▶ _Problem to solve_: A stretch of the entries below is to be set down exactly, running from the line with "Prime Minister Mark" through the line with "3 mini cast iron cap guns (1 of 2)", both included, and no other line.

Input records section start

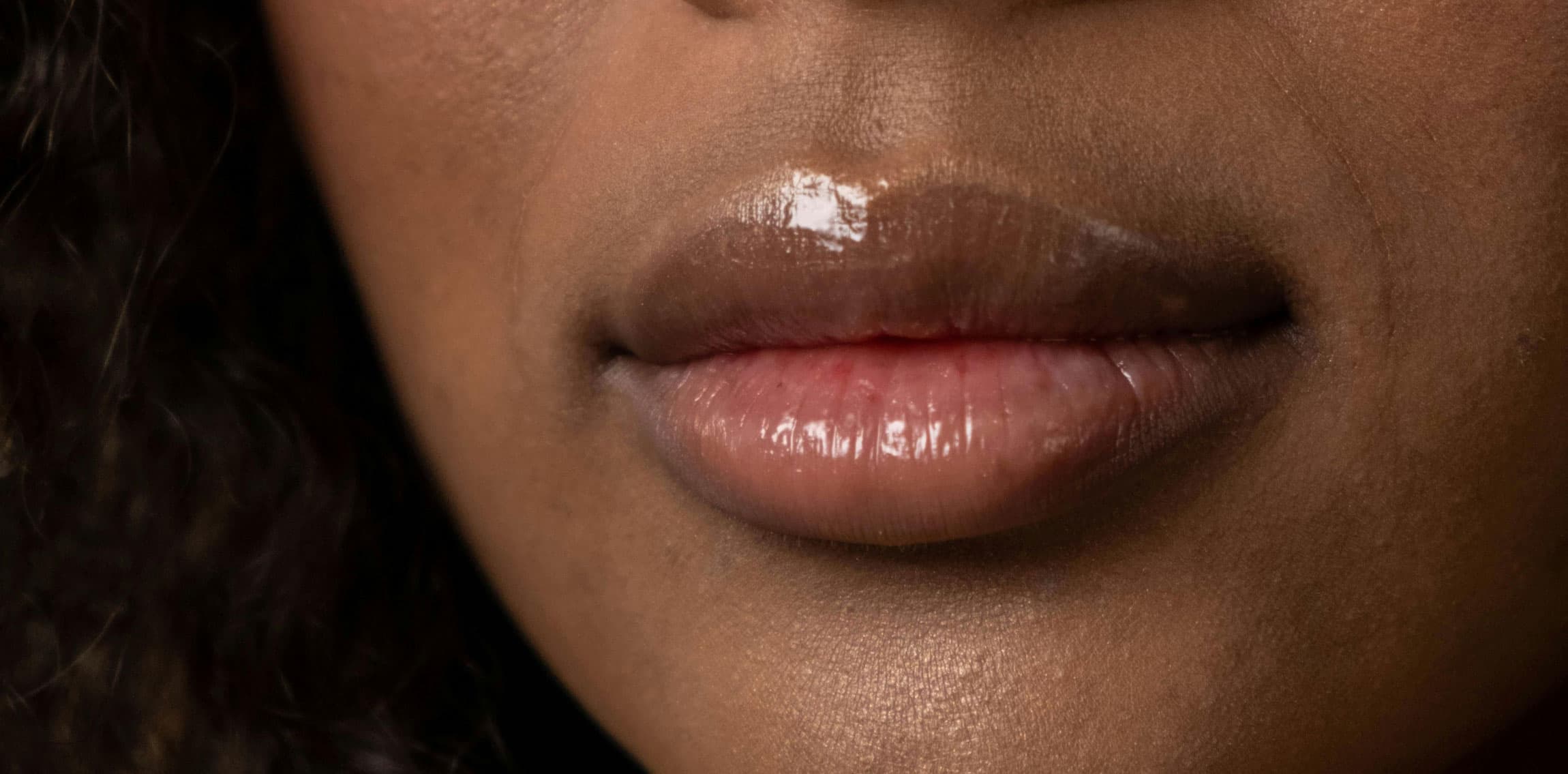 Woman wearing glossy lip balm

Input records section end
Input records section start

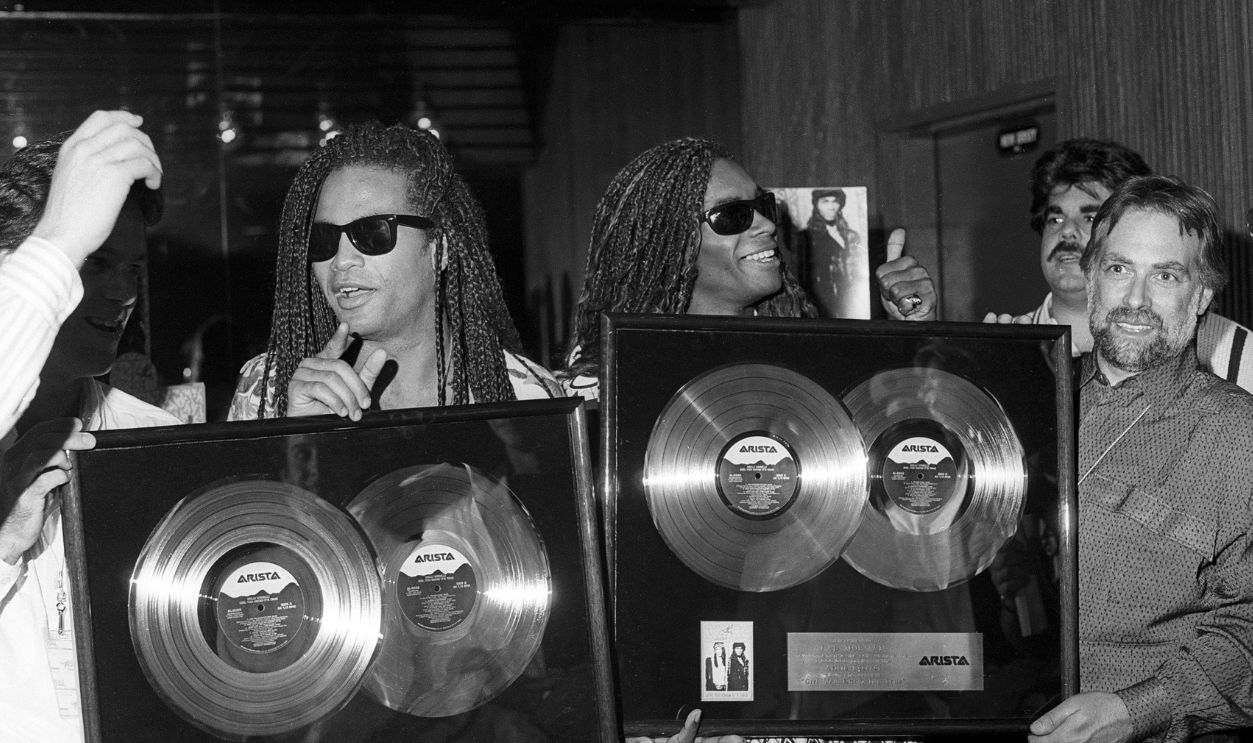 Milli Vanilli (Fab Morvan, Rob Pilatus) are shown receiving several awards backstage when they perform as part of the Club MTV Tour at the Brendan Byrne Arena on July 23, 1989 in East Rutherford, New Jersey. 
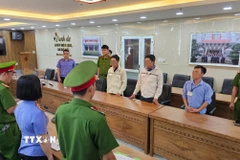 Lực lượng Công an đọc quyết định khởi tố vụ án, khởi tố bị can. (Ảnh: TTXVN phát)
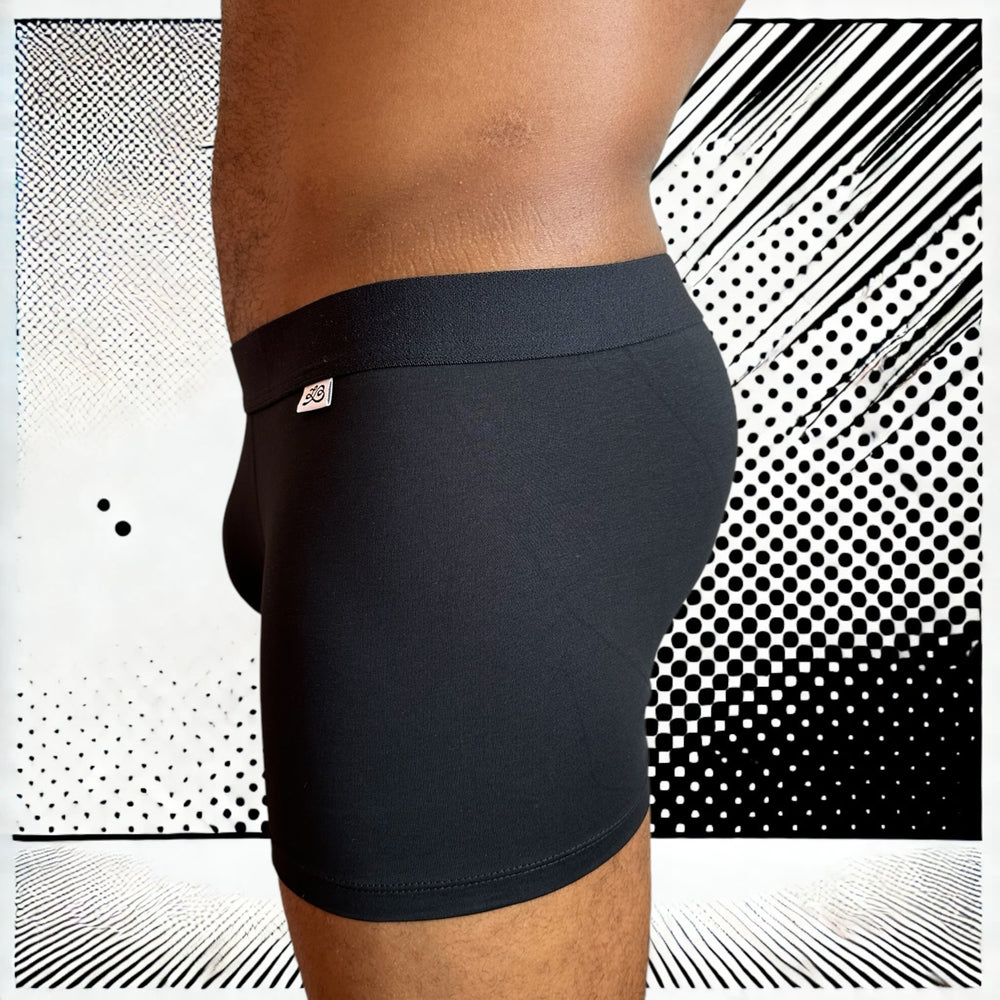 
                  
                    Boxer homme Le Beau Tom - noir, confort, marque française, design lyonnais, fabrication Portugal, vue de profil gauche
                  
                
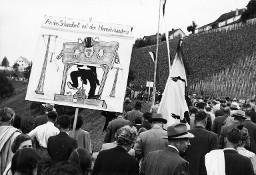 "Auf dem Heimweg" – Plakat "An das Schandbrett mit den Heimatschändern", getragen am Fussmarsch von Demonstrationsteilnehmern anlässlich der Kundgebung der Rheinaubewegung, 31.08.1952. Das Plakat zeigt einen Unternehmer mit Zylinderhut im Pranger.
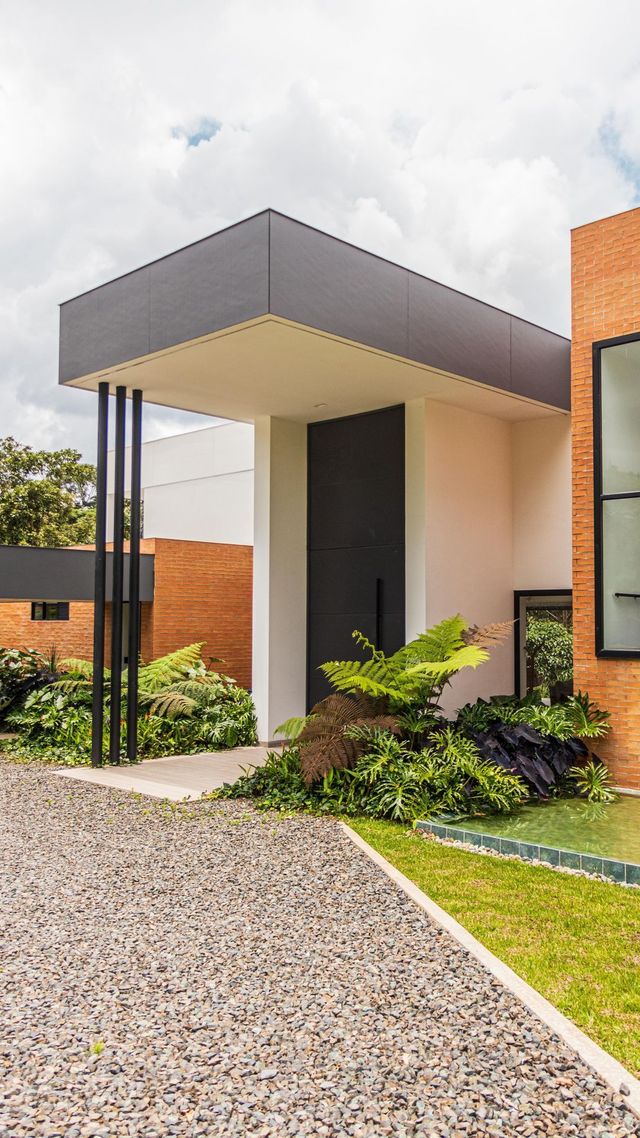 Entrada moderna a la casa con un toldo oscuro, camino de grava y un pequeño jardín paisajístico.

Input records section end
Input records section start

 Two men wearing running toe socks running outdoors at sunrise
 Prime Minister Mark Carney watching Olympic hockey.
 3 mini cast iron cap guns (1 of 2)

Input records section end

▶ _Output of the task_:
 Prime Minister Mark Carney watching Olympic hockey.
 3 mini cast iron cap guns (1 of 2)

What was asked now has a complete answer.